LD: What is your advice for how this abuse can be curtailed?
TF: There is a story of an old man who spoke to his grandson: “There are two wolves residing in each of us,” he said. “One is avaricious, greedy, dishonest and cruel. The other is good intentioned, fair, honest and helpful to others.” The grandson turned to his grandfather: “Who wins, Grandpa”? And the old man thought for a minute and said: “The one whom we feed.”
We need to cease feeding the greedy wolf within us. I believe it can be done. Let us enforce the laws on the books. We have enough rules to stem the tide. We may change some of the rules that have been eliminated and demonstrated their toxic resulting freedoms. But by and large, let us enforce the law. Let us adopt a less of: “where is it written?” approach, and consider the purpose of the laws we have. Otherwise, as the mutual fund advisers found out, we may drown in minute details at high cost. Looking at the purpose rather than at the dictionary is not new. In the 1960s that is the way the courts interpreted the laws.

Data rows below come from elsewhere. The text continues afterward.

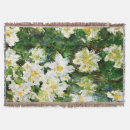 Search for clematis Flowers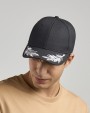 Casquette personnalisable ATLANTIS WINNER-S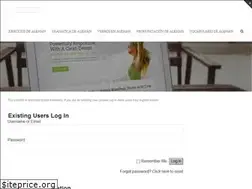 Sites similar to pabloval.com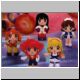 flashtoy8.jpg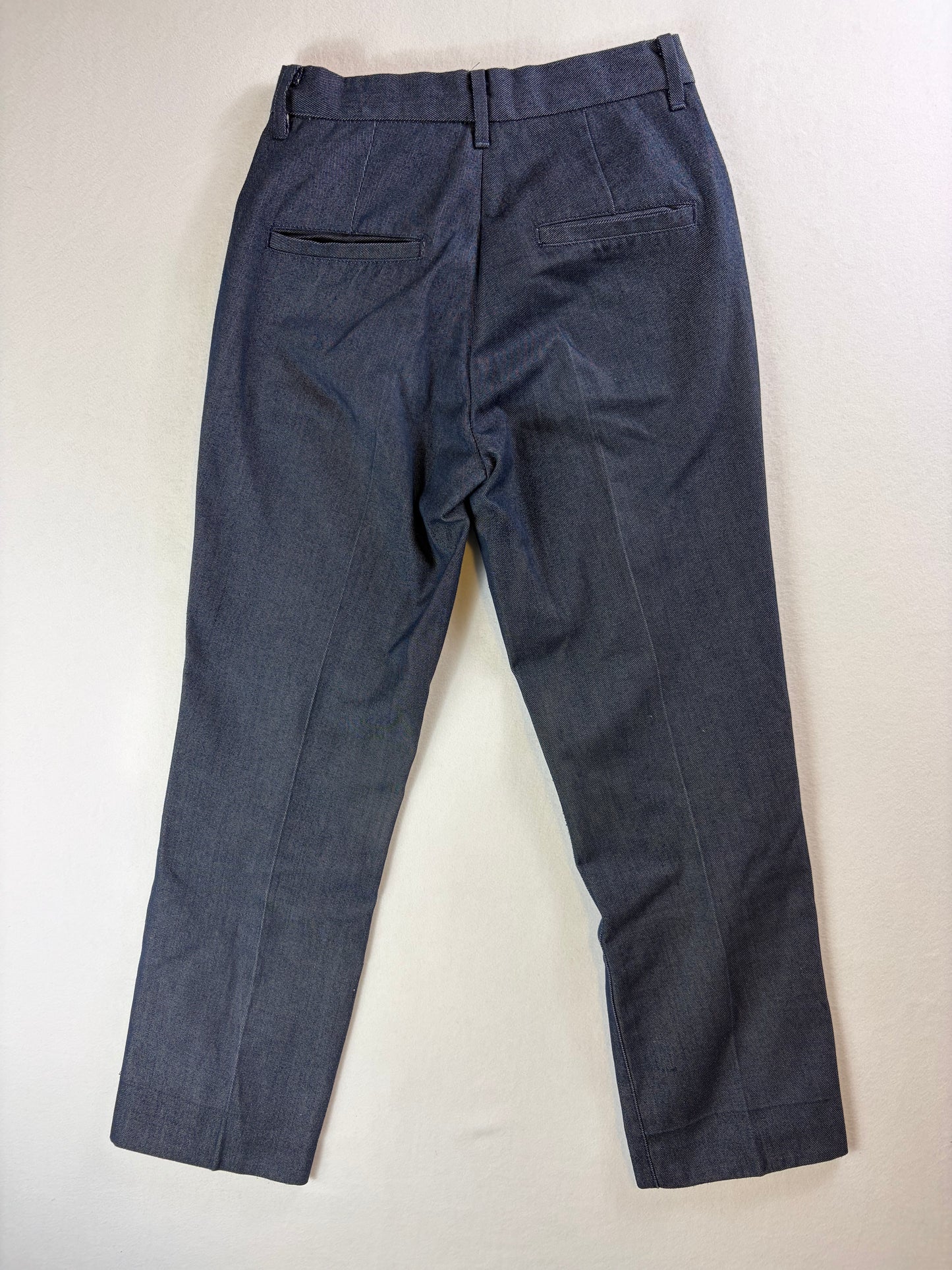 Levi Strauss & Co női chino nadrág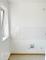 ***RENOVIERTE 2-RAUMWOHNUNG ZUM SOFORT EINZIEHEN*** mit offener Küche und Badezimmer und Wanne zu vermieten Wohnung mieten 01591 Riesa Bild thumb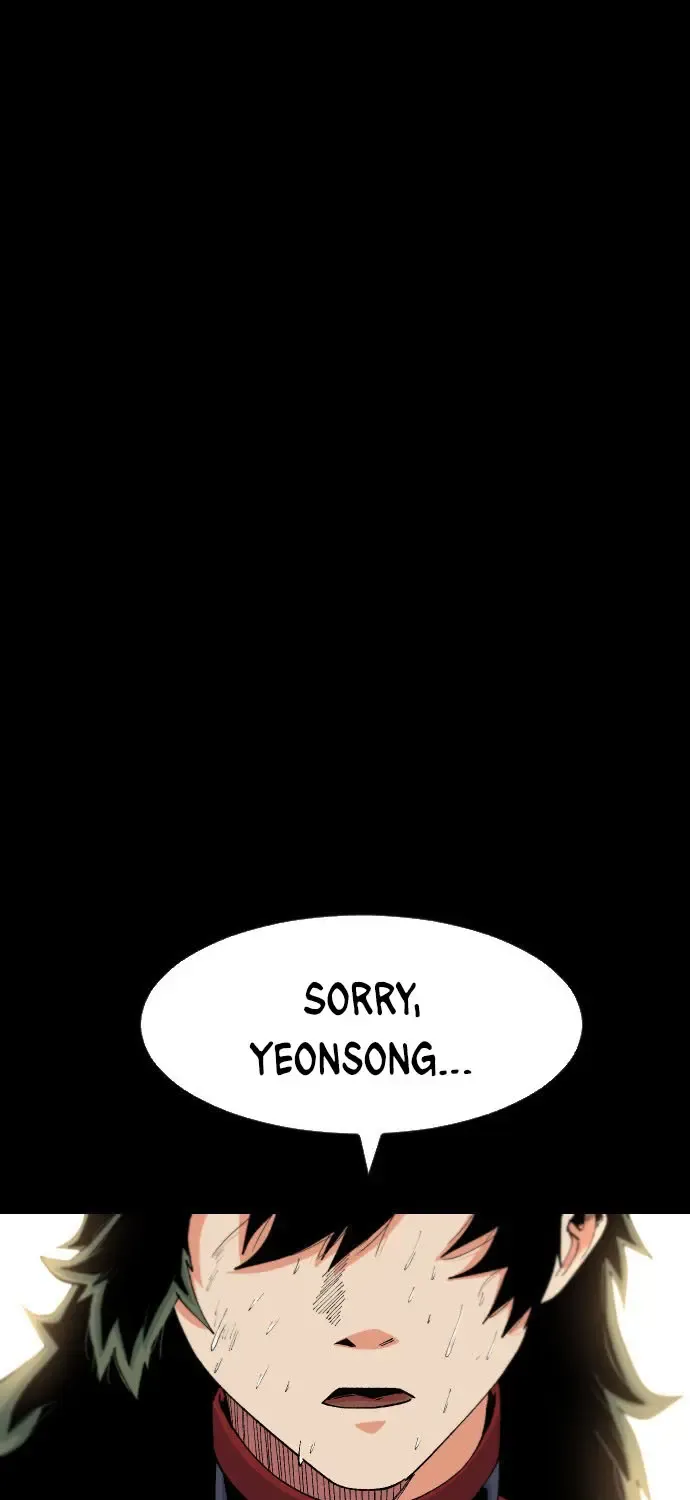 Stairs Zinmanga X Chapter 42 Page 98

Let us re-interpret the concept of freedom. We should make sure that people who assert the freedom to exploit those who cannot protect themselves, will receive the same free treatment from those who can stand up to them. And if the victims are weak, notwithstanding our suspicion of government (big or small, political or private), law should “reward” them the same way.
Finally, we need private sector leadership. Leadership should show the way and demonstrate by its behavior how to cease feeding the greedy wolf. That is regardless of how weak and greedy the victims are. Our system will be healed not by the victims but by self-controlling powerful private leadership and intermediaries of the financial system. Law and lawyers should play this role as well and take the lead.
LD: In this context, what is your opinion of the recent financial reform regulation?
TF: I have not studied the entire legislation, but much of it transfers power to agencies. Therefore, the law book is not yet fully written. Congress obviously is concerned and at the same time very conflicted. Because I believe that enforcement of existing laws has been weak, one of the short articles I am now completing suggests that the Securities and Exchange Commission should be authorized to “outsource,” in a limited way and under its direction, large complex cases which require more funding than the agency has. We might have fewer embarrassing settlements of claims, which the courts reject. But it is clear that the devil is in the details.
The recent financial reform regulation must cover the creative hybrids, shadow banking, and trading all of which undermine value, even though all have some virtue. But all are too destructive to be left without some constraints. There is a price to regulation. But the price to non-regulation in these cases seems higher. I see signs that other countries are waking up and may close the door to our financial system and its innovations. If we do not reign-in the fiduciaries, the world will. Therefore, I see the legislation as the beginning of a new design for controlling the financial intermediaries and their creativity. A new financial design is no different from a new health pill. Both can heal or kill.
LD:Anything else on these topics you want to comment on?
TF: Unbridled power, whether private or public, endangers democracy. Fiduciary law limits private power but will be effective only if it does not limit the freedom of people to innovate and trade. Let us hope that the lessons of the past few years will help us find a better balance than we have followed before. If one wolf of the two within us is the sole winner, we will fail. Teaching the two wolves to combine and balance conflicted objectives and ambitions then all of us will win.